# [Data block]
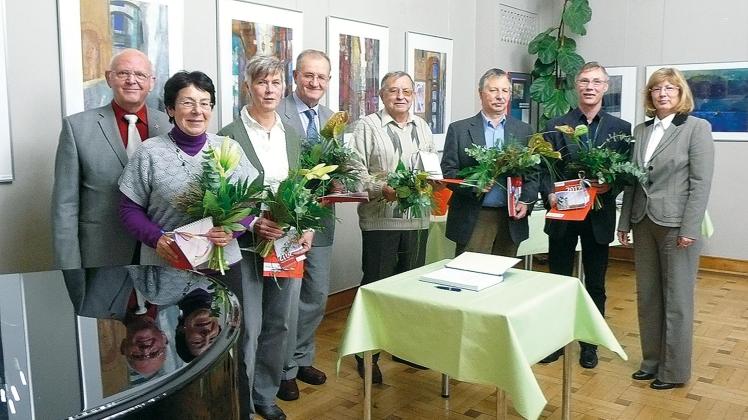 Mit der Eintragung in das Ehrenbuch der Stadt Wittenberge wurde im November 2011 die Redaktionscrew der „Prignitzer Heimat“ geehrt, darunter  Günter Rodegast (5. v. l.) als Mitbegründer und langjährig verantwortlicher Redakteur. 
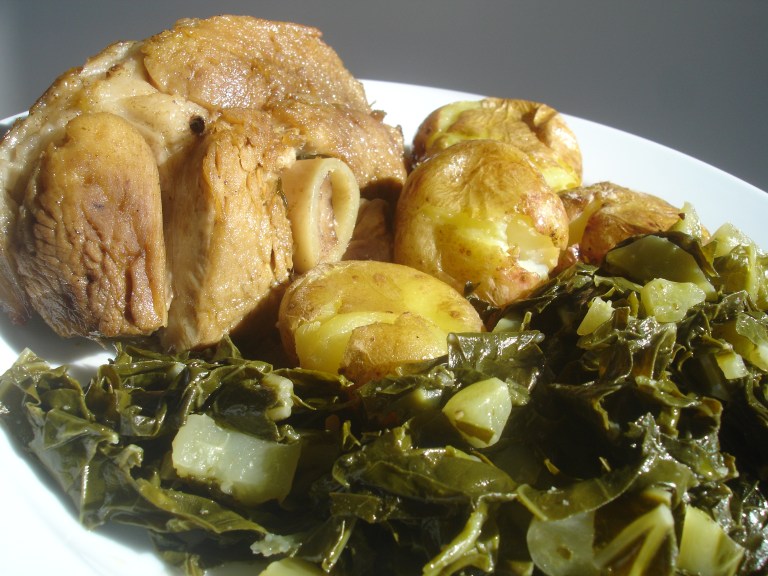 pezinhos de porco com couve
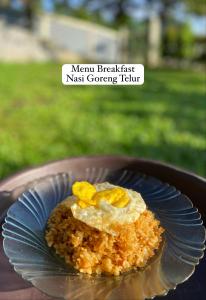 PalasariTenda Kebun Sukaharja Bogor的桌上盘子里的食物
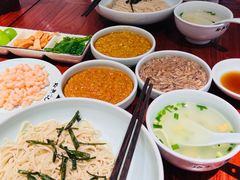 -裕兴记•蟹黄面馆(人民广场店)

# [What you are asked to do]
Beginning with the line that holds "pezinhos de porco com couve", extract every line to the end of the material, exactly as it stands, and drop the pictures.

# [Exercise solution]
 pezinhos de porco com couve
 PalasariTenda Kebun Sukaharja Bogor的桌上盘子里的食物
 -裕兴记•蟹黄面馆(人民广场店)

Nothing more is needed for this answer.